---------- Given records
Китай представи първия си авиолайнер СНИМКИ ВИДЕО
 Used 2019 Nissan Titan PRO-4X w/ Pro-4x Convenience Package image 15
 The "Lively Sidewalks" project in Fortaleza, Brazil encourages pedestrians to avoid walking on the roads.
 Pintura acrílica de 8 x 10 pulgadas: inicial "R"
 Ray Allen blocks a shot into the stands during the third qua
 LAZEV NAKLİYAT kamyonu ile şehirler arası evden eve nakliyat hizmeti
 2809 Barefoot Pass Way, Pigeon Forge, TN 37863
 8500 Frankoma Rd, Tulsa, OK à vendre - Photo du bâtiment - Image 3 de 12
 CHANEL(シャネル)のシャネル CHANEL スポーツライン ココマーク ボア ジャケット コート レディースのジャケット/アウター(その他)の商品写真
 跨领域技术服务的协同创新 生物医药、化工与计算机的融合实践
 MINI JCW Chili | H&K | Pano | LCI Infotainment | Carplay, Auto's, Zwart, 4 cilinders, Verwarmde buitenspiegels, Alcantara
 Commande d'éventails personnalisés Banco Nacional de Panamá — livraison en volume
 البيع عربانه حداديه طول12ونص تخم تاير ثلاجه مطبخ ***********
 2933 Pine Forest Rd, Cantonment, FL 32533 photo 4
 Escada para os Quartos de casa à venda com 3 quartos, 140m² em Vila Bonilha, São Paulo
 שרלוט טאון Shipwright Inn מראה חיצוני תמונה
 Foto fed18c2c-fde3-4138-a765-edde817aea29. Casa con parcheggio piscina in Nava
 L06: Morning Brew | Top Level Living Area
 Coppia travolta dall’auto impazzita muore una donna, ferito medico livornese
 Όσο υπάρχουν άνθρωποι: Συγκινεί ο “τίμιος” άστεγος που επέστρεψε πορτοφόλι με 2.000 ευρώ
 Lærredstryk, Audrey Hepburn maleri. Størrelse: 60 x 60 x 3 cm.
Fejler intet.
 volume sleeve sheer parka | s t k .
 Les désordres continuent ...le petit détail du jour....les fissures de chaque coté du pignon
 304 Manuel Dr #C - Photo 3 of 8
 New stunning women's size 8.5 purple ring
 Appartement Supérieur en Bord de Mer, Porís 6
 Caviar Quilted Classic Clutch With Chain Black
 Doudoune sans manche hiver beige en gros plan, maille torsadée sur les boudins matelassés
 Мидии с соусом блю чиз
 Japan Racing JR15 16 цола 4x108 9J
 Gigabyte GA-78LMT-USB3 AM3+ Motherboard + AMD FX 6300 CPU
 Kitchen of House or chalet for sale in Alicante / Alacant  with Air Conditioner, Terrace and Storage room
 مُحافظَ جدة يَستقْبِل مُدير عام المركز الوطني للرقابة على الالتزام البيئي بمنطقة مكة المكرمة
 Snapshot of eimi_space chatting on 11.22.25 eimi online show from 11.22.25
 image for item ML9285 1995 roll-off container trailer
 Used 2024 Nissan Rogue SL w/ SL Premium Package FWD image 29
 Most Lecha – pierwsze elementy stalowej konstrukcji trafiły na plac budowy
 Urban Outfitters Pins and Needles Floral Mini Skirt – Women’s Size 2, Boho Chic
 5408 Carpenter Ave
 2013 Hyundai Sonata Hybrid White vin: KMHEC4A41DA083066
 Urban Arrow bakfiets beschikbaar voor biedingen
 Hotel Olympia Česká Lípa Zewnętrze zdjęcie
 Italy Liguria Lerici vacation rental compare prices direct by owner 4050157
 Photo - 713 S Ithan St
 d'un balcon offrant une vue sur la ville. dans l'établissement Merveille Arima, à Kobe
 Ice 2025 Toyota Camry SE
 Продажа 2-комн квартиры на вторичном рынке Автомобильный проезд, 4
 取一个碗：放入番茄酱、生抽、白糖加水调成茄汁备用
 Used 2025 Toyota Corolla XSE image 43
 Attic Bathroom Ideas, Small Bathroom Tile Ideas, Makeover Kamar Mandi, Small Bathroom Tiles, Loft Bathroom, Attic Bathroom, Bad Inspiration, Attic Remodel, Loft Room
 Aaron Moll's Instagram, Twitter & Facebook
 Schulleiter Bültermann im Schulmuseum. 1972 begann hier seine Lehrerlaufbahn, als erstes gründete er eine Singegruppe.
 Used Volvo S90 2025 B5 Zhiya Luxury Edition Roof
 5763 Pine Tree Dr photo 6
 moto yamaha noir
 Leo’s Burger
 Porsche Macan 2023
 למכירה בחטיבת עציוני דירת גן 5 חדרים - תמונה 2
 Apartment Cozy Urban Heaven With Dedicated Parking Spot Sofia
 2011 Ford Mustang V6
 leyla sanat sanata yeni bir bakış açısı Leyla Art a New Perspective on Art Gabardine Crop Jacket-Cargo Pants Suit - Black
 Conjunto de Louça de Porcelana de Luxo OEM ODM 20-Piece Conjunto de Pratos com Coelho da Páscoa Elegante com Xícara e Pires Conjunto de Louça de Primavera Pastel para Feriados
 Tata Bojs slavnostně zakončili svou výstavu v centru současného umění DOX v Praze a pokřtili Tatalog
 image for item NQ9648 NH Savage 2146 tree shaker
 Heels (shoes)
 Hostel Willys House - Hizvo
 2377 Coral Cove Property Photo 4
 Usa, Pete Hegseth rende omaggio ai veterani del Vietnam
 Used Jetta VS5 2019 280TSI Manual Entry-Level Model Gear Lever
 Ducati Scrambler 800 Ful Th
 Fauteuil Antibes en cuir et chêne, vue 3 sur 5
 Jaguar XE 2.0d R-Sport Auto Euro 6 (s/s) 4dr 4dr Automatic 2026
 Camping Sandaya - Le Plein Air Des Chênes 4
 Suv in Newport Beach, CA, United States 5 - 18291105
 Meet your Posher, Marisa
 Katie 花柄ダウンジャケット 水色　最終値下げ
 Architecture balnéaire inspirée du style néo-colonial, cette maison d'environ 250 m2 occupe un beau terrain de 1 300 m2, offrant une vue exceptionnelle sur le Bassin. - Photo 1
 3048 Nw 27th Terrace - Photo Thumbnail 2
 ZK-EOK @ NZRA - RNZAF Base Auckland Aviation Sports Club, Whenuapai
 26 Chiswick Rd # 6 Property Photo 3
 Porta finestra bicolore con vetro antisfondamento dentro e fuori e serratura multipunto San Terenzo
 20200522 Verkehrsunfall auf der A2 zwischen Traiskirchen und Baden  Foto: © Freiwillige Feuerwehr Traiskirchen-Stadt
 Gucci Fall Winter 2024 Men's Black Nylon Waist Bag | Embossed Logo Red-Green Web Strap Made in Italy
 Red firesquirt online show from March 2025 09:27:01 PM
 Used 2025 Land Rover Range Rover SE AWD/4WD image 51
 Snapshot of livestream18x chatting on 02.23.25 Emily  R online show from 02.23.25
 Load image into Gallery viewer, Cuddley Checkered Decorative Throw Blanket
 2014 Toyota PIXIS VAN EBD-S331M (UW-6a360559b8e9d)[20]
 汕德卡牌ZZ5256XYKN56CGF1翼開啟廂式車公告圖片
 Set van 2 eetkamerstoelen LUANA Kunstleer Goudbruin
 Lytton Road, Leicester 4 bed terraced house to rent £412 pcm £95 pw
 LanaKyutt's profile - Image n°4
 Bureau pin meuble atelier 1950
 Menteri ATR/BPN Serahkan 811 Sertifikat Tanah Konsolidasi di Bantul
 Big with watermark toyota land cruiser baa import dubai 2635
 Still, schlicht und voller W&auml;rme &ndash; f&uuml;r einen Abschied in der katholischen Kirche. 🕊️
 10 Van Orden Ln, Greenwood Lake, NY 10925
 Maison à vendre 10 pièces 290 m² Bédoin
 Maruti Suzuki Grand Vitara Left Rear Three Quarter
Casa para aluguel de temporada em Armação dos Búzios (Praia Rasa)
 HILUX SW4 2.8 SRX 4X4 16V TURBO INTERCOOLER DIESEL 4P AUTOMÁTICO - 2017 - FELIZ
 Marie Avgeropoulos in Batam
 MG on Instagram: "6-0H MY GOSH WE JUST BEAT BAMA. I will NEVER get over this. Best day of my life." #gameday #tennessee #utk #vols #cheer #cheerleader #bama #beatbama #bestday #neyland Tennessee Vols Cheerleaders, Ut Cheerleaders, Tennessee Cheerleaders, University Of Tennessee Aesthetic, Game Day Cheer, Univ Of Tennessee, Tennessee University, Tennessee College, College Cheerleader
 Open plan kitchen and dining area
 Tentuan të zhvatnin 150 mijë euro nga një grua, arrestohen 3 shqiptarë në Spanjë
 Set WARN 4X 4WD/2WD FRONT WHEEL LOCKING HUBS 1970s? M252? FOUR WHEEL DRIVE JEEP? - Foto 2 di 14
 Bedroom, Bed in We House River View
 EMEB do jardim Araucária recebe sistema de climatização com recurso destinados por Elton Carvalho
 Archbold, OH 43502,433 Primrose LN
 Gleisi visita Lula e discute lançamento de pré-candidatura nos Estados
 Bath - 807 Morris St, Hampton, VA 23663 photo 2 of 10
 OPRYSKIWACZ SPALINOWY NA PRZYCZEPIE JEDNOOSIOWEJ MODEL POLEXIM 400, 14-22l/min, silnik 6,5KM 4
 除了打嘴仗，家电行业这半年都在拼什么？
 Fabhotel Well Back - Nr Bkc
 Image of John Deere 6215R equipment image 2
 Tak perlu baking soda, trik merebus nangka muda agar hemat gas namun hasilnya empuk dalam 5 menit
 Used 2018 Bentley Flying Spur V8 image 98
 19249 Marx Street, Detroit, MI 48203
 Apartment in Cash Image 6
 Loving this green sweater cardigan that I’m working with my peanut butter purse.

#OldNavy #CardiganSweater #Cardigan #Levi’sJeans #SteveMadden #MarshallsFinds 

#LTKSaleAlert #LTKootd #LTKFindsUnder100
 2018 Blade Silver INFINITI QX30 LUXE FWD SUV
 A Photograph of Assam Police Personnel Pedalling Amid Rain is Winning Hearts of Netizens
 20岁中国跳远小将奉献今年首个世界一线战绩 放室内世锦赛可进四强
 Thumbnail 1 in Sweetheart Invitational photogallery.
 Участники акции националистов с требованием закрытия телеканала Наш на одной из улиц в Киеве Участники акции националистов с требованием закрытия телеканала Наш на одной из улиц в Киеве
--------------------
Task to carry out:
In the entries above, find each line with the word "para" and show it.

Reply:
 Escada para os Quartos de casa à venda com 3 quartos, 140m² em Vila Bonilha, São Paulo
 Conjunto de Louça de Porcelana de Luxo OEM ODM 20-Piece Conjunto de Pratos com Coelho da Páscoa Elegante com Xícara e Pires Conjunto de Louça de Primavera Pastel para Feriados
Casa para aluguel de temporada em Armação dos Búzios (Praia Rasa)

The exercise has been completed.